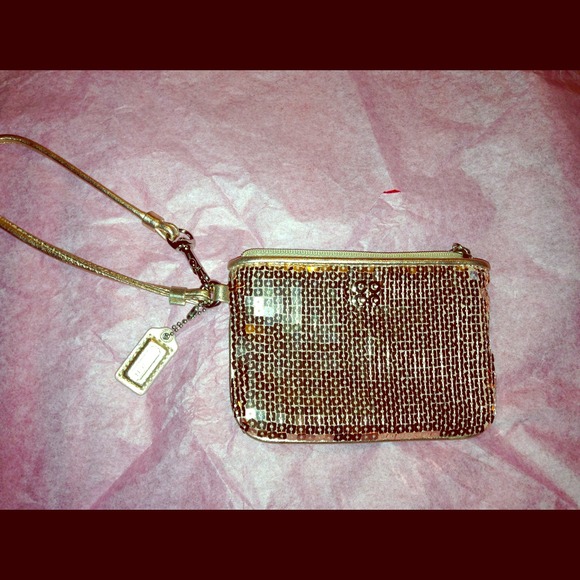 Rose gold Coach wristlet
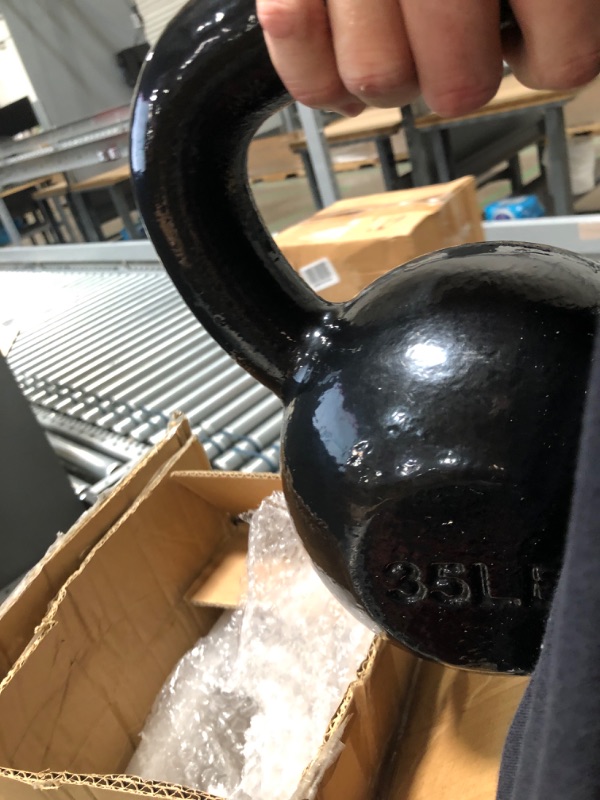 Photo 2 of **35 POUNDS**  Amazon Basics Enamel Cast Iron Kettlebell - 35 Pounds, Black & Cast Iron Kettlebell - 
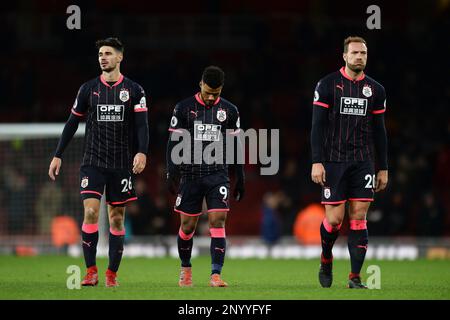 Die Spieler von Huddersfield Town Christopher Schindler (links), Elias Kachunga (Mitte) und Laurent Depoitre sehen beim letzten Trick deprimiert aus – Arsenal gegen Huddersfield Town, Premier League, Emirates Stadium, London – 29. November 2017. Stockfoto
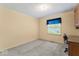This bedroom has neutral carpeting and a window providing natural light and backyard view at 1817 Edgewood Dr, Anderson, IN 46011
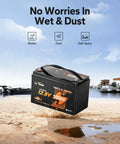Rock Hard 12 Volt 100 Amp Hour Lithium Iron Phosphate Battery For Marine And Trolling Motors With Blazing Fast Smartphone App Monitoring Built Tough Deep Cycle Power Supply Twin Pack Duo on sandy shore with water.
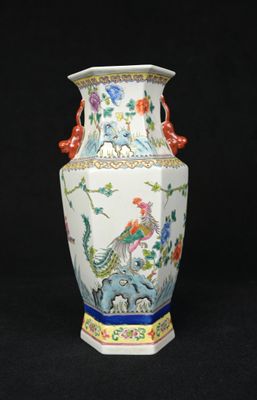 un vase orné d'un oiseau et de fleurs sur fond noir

--

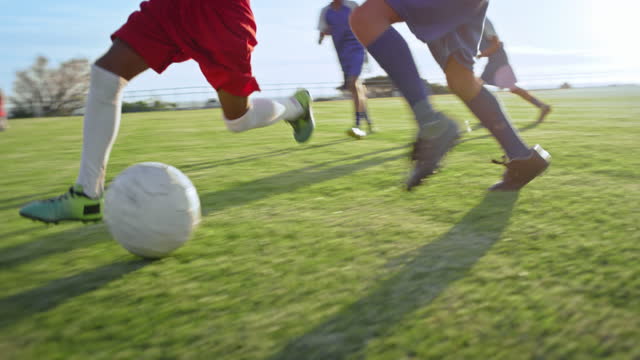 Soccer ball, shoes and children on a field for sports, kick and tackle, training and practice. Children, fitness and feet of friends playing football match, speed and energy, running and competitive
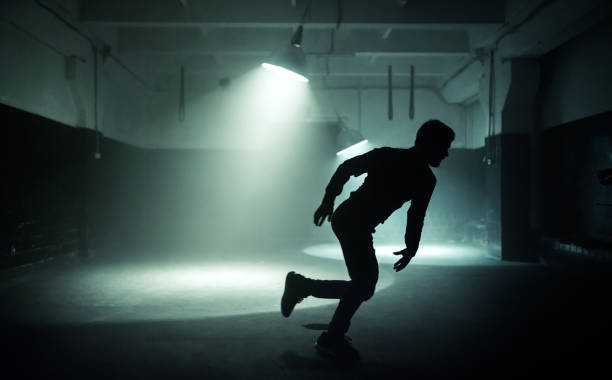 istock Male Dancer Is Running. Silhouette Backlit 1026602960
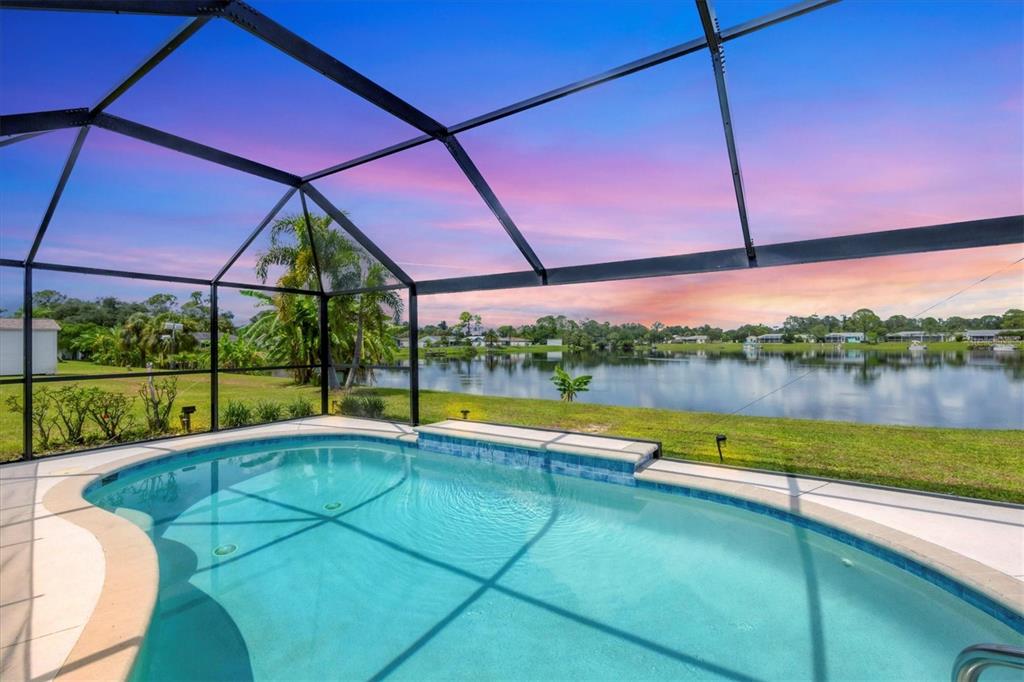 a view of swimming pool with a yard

■ **About this task**:
Above are the records. Copy only the lines from the one with "Photo 2 of **35" through the one with "un vase orné", exactly, with no pictures.

■ **Task output**:
 Photo 2 of **35 POUNDS**  Amazon Basics Enamel Cast Iron Kettlebell - 35 Pounds, Black & Cast Iron Kettlebell - 
 Die Spieler von Huddersfield Town Christopher Schindler (links), Elias Kachunga (Mitte) und Laurent Depoitre sehen beim letzten Trick deprimiert aus – Arsenal gegen Huddersfield Town, Premier League, Emirates Stadium, London – 29. November 2017. Stockfoto
This bedroom has neutral carpeting and a window providing natural light and backyard view at 1817 Edgewood Dr, Anderson, IN 46011
Rock Hard 12 Volt 100 Amp Hour Lithium Iron Phosphate Battery For Marine And Trolling Motors With Blazing Fast Smartphone App Monitoring Built Tough Deep Cycle Power Supply Twin Pack Duo on sandy shore with water.
 un vase orné d'un oiseau et de fleurs sur fond noir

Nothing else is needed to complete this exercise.